Pendant la crise sanitaire liée au COVID19, l’hôpital public français a été confronté à une pression importante avec une augmentation du nombre des patients nécessitant une prise en charge hospitalière. Cela a mis en évidence l’organisation peu efficiente de l’hôpital public avec la détérioration de la qualité des soins due au manque de moyens, et à la saturation des services hospitaliers.
La régulation
Le Sherman Antitrust Act et le Clayton Antitrust Act ont été adoptés aux Etats Unis à la fin du XIXème siècle pour réglementer les pratiques anticoncurrentielles des grandes entreprises. Ces lois ont été conçues pour prévenir les monopoles et protéger la concurrence sur le marché.
Malgré l’existence de ces lois antitrust, les géants de la technologie comme les GAFAM (Google, Apple, Facebook, Amazon, Microsoft), ont continué à acquérir une influence économique croissante au fil des décennies. Cela est dû en partie à la difficulté de définir les monopoles et les pratiques anticoncurrentielles dans les industries de haute technologie.
En 2021, le président Biden a pris des mesures sectorielles pour tenter de réglementer les pratiques anticoncurrentielles des GAFAM., mais elles sont jugées inefficaces à résoudre le pouvoir exorbitant des grands géants de la technologie.
Dans le cas de la Tunisie, la concentration du pouvoir économique entre les mains de quelques familles engendre une distorsion inéluctable de la concurrence libre et loyale. Il est donc important de promouvoir la transparence et la responsabilité et de mettre en place des politiques publiques appropriées pour promouvoir une concurrence saine et juste, afin de favoriser une répartition plus équitable des richesses.
Alors, comment pouvons-nous éviter l’impéritie économique ? Comment pouvons-nous nous assurer que les responsables politiques prennent des décisions éclairées et évitent les erreurs du passé ?

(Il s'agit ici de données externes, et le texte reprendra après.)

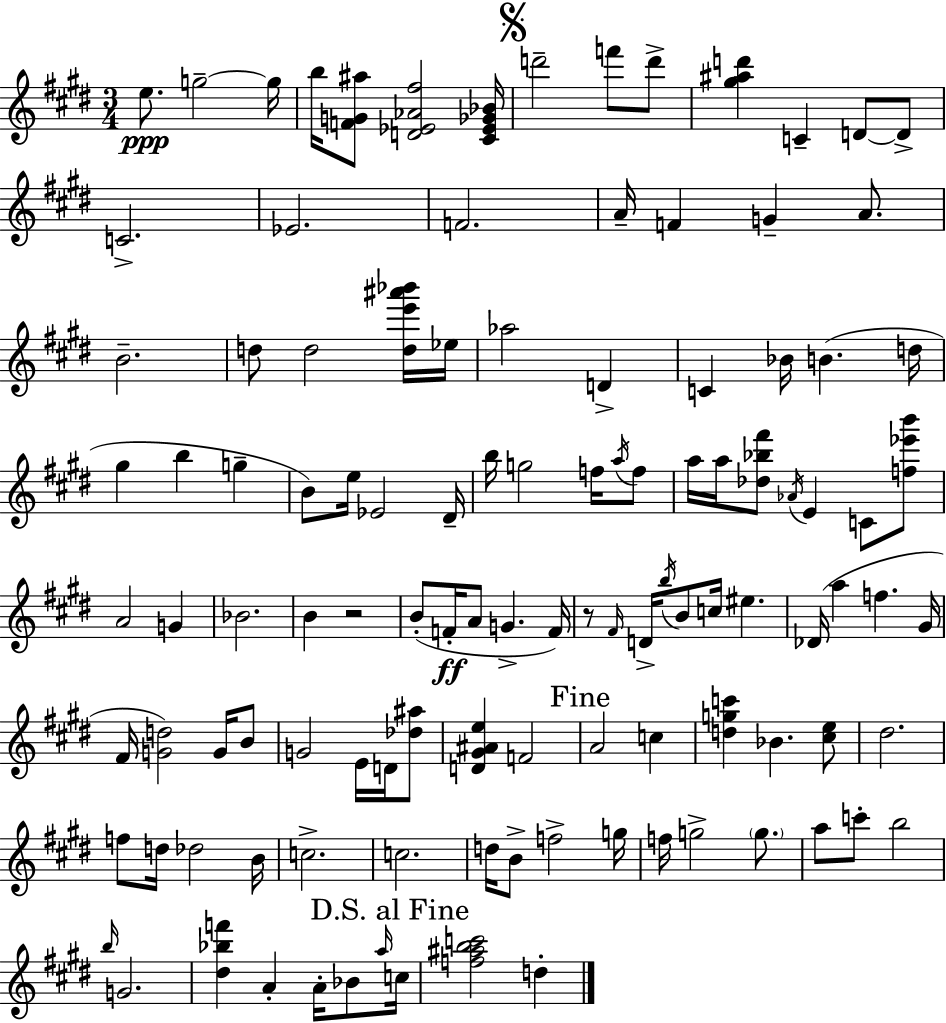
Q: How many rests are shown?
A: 2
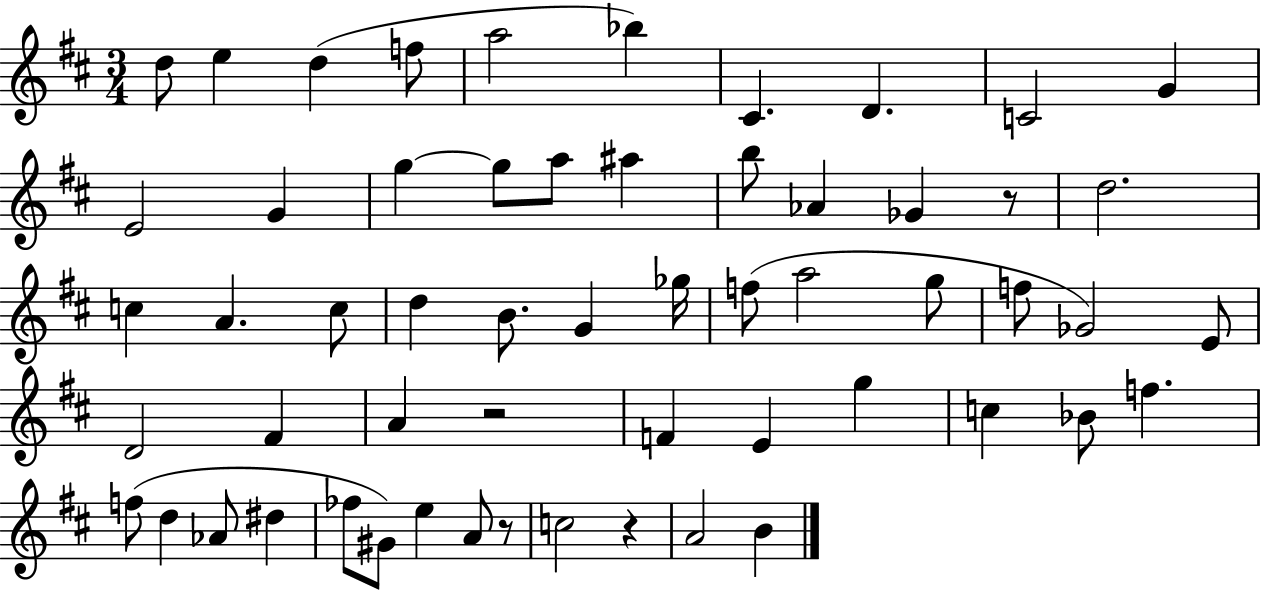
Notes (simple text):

D5/e E5/q D5/q F5/e A5/h Bb5/q C#4/q. D4/q. C4/h G4/q E4/h G4/q G5/q G5/e A5/e A#5/q B5/e Ab4/q Gb4/q R/e D5/h. C5/q A4/q. C5/e D5/q B4/e. G4/q Gb5/s F5/e A5/h G5/e F5/e Gb4/h E4/e D4/h F#4/q A4/q R/h F4/q E4/q G5/q C5/q Bb4/e F5/q. F5/e D5/q Ab4/e D#5/q FES5/e G#4/e E5/q A4/e R/e C5/h R/q A4/h B4/q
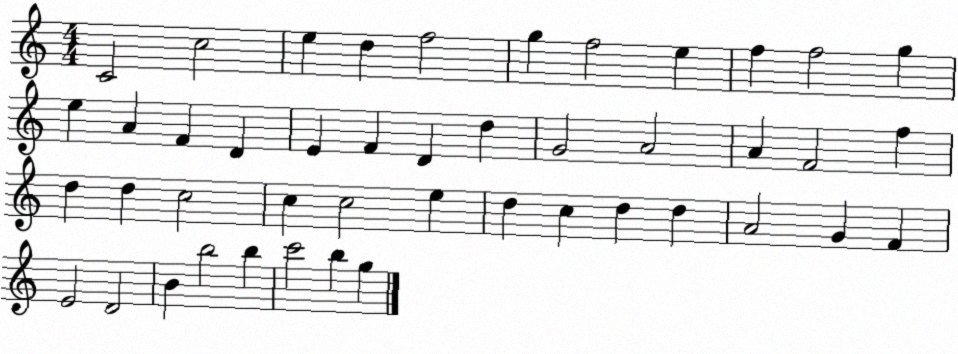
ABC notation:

X:1
T:Untitled
M:4/4
L:1/4
K:C
C2 c2 e d f2 g f2 e f f2 g e A F D E F D d G2 A2 A F2 f d d c2 c c2 e d c d d A2 G F E2 D2 B b2 b c'2 b g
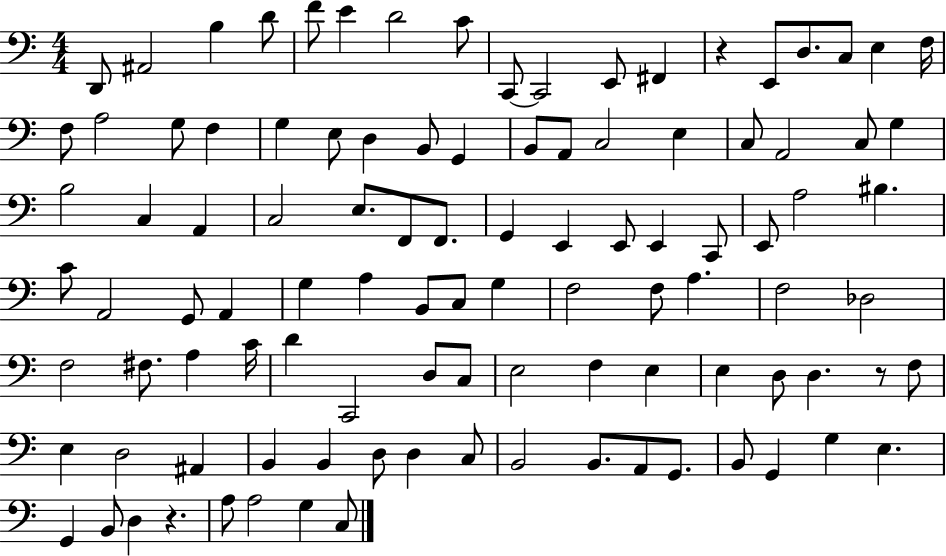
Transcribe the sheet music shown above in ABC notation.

X:1
T:Untitled
M:4/4
L:1/4
K:C
D,,/2 ^A,,2 B, D/2 F/2 E D2 C/2 C,,/2 C,,2 E,,/2 ^F,, z E,,/2 D,/2 C,/2 E, F,/4 F,/2 A,2 G,/2 F, G, E,/2 D, B,,/2 G,, B,,/2 A,,/2 C,2 E, C,/2 A,,2 C,/2 G, B,2 C, A,, C,2 E,/2 F,,/2 F,,/2 G,, E,, E,,/2 E,, C,,/2 E,,/2 A,2 ^B, C/2 A,,2 G,,/2 A,, G, A, B,,/2 C,/2 G, F,2 F,/2 A, F,2 _D,2 F,2 ^F,/2 A, C/4 D C,,2 D,/2 C,/2 E,2 F, E, E, D,/2 D, z/2 F,/2 E, D,2 ^A,, B,, B,, D,/2 D, C,/2 B,,2 B,,/2 A,,/2 G,,/2 B,,/2 G,, G, E, G,, B,,/2 D, z A,/2 A,2 G, C,/2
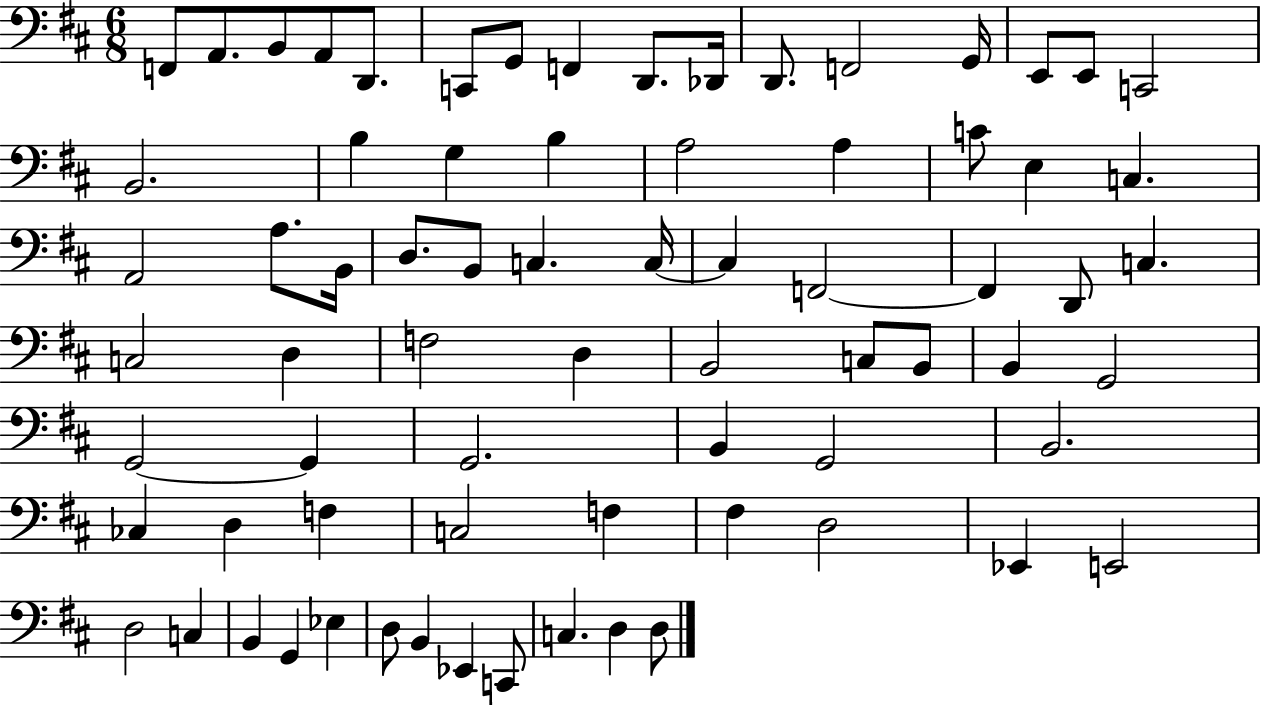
{
  \clef bass
  \numericTimeSignature
  \time 6/8
  \key d \major
  \repeat volta 2 { f,8 a,8. b,8 a,8 d,8. | c,8 g,8 f,4 d,8. des,16 | d,8. f,2 g,16 | e,8 e,8 c,2 | \break b,2. | b4 g4 b4 | a2 a4 | c'8 e4 c4. | \break a,2 a8. b,16 | d8. b,8 c4. c16~~ | c4 f,2~~ | f,4 d,8 c4. | \break c2 d4 | f2 d4 | b,2 c8 b,8 | b,4 g,2 | \break g,2~~ g,4 | g,2. | b,4 g,2 | b,2. | \break ces4 d4 f4 | c2 f4 | fis4 d2 | ees,4 e,2 | \break d2 c4 | b,4 g,4 ees4 | d8 b,4 ees,4 c,8 | c4. d4 d8 | \break } \bar "|."
}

La réponse réside dans une approche holistique qui combine des stratégies multiples. Tout d’abord, l’étude de l’histoire économique est cruciale pour identifier les causes des erreurs passées et pour en tirer des enseignements applicables à l’avenir. Ensuite, l’éducation des citoyens en matière économique peut favoriser une prise de conscience collective et participative en vue de réduire les risques d’erreurs économiques. Par ailleurs, l’amélioration de la gouvernance économique, incluant des politiques économiques bien conçues, une réglementation efficace et une gestion rigoureuse des finances publiques, est également un élément clé pour prévenir l’impéritie économique. Assurer la transparence et la responsabilité dans la prise des décisions dans le sens de l’intérêt général permet de combattre efficacement la corruption. Enfin, la coopération internationale peut contribuer à la prévention des erreurs économiques en favorisant la coordination des politiques économiques et la prévention des crises financières.